Провалялся я по людским меркам не так уж и долго — пять дней. И все потому, что лечили меня кранки. У людских лекарей я бы просто умер. Это были прекрасные пять дней. Естественно, потому, что за мной ухаживала моя Эмрэн, правда, и госпожа Тимарэт ей помогала. Я чувствовал себя раненым героем и с полным удовольствием страдал. Видимо, в этих новомодных романах о благородных рыцарях и прекрасных дамах не все заведомое вранье. Хотя чувствительность оных иногда набивает мне оскомину. Единственное, что мучило меня тогда, так это то, что рану я получил в спину. Хоть и не на поле боя, но все равно неловко. И еще я не знал, кому мстить. Ладно, вернусь к тогдашним событиям. Как только я стал способен ехать в повозке, мой господин отправил меня и госпожу Эмрэн в Шаннит под опеку господина Шанфелласа. С нами он отправил письмо государю Араэну, которое я должен был передать ему в собственные руки, как только окончательно оправлюсь и смогу поехать с Шанфелласом в Ильвенну.
XXI. ОРАКУЛ
…и, шагнув, оказалась в нигде. Вокруг была полнейшая темнота и тишина, поглощавшая даже звуки ее дыхания и биения сердца. На мгновение Зимарун забеспокоилась, как же она будет говорить, когда ничего не слышно. Ощущение пространства тоже исчезло, как и чувство направления. Не было понятно, где "впереди", где "позади", единственной точкой привязки осталось "внизу" — под ногами, вроде, был пол. Но когда она наклонилась, чтобы потрогать его рукой, не ощутила ничего. Непонятно было и то, есть ли у этого места границы — с одинаковой вероятностью можно было представить, что это огромное незамкнутое пространство или наоборот, все сближающиеся и грозящие задавить стены. Зимарун даже не знала, существует ли она сама. И где тут искать того, к кому она пришла со своими мольбами и вопросами?
— Да тут я, — раздался голос. Он был везде, даже в самой Зимарун. Очень похоже на молчаливые разговоры в день Луэт-лунн, но голос был окрашен, его даже можно было бы потом узнать.
— Навряд ли, — отозвался тот же голос с едва уловимой насмешкой.
— Почему? — растерянно спросила Зимарун.
— Ну, хотя бы потому, что ты слышишь мужской голос. Другие слышали женский, старческий — какой угодно.
— А ты где?
— А везде.
— Но где? Тут ничего не поймешь…
— А это я и есть. Тут все я.
Короткое молчание.
— И я в тебе?
— Пожалуй. Или я в тебе. Не все ли равно? Главное, что я вижу тебя насквозь. Это важно. Словами не всегда правильно выразишь то, о чем хочешь спросить или попросить.

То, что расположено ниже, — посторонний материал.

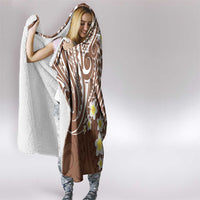 Plumeria With Brown Polynesian Tattoo Pattern Hooded Blanket LT05 - Polynesian Pride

Зимарун стало неуютно и стыдно. Как будто при всех раздели догола.
— А чего стыдиться? Я же никому не скажу.
— Да нет… К тебе ведь приходят с действительно важным…
— Ко мне приходят с тем, что считают важным. А, главное, с сильными страстями. Жажда власти. Месть. Жажда подвига. Жертвы. Любовь. Горе. Все, что угодно. Для каждого важно свое и все равноправно.
— Ты действительно можешь все?
— Да. Но все — при условии. За все надо платить. Я ведь только держу нити. А узор выкладываете вы сами. Ну, говори.
— Ты ведь и сам знаешь…
— Ну, я за века так привык к вам, людям, что и мне стало свойственно некое любопытство. Мне любопытно, как ты сама это выразишь.
— Значит, ты — не человек?
— Нет.
— Ты бог?
— Нет. Я Оракул.
— Но кто ты?
— Оракул я. Оракул. Вот и все. Ты не тяни, не юли, говори давай.
— Я… я хочу знать судьбу Эмрэга-кранки. И еще я хочу, чтобы он был счастлив, чтобы он меня любил, чтобы ему все удалось. Чтобы в Дзайалане был мир, чтобы… в общем, это все.
— Многовато "чтобы", для того, чтобы выполнить все.
— Ты же сказал, что все можешь.
— Я сказал, что при условии. Нитей много, но каждое "чтобы" отрезает сразу несколько нитей. Узор становится определенным, но изменить его все труднее. Подумай сама — если он станет любить тебя, то он перестанет любить Лайин. Будет ли он тогда счастлив, женившись на ней?